Truthfully I'd rather see the industry collapse than to survive putting out the pitiful excuses for major newspapers that we see today. In either case I can't shake the feeling that I'll be explaining the role and relevance of newspapers to my children as we gaze upon one mounted on a wall in a museum.

2 thoughts on “SURROGATE MATLOCK”

  • When my grandparents and great-grandparents came to this country, they learned written English well from newspapers. They were dirt poor, but had extremely good language skills, and read the whole paper every day (though I'm sorry to say Grandpa Tom eventually subscribed to the Sun.) When I took a class in journalism (350 years ago), it was stressed that facts, fact-checking, clarity of thought, the broader picture, excellent grammar, and concise language were necessary if we wanted to work in the industry.

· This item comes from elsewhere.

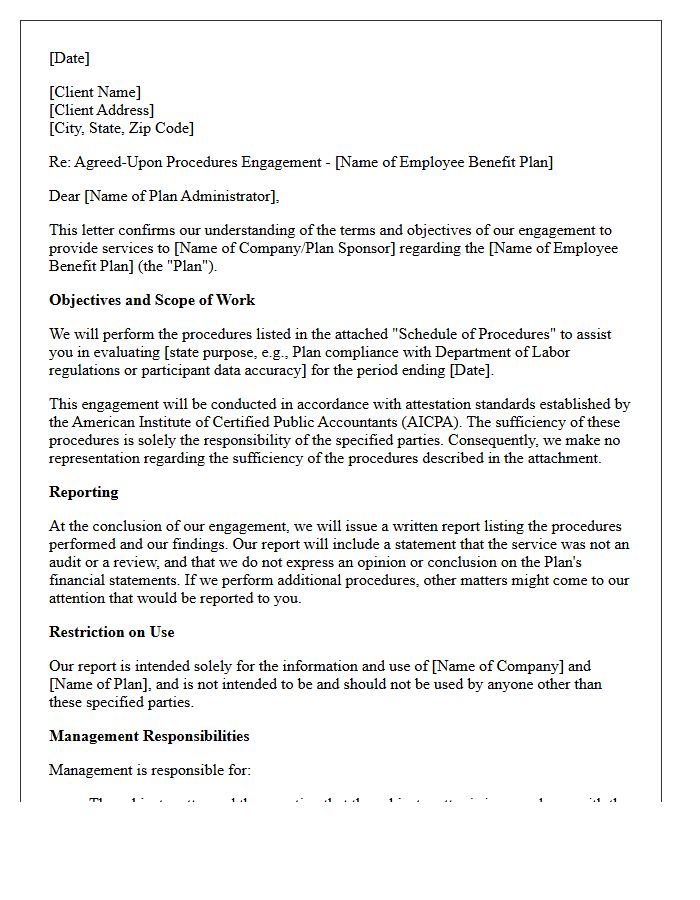 Employee Benefit Plan Agreed-Upon Procedures Engagement Letter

    Of course I miss print journalism! I've missed it for years.

  • There's nothing wrong with being a Luddite on this issue! I completely agree with most of your points. The argument you made about people increasingly only reading what they concsciously choose to read is a valid one. We still get the Sunday paper and I try to pick up the NYT on campus a couple times per week. But it's obvious that newspapers will have to adapt in some way or risk extinction.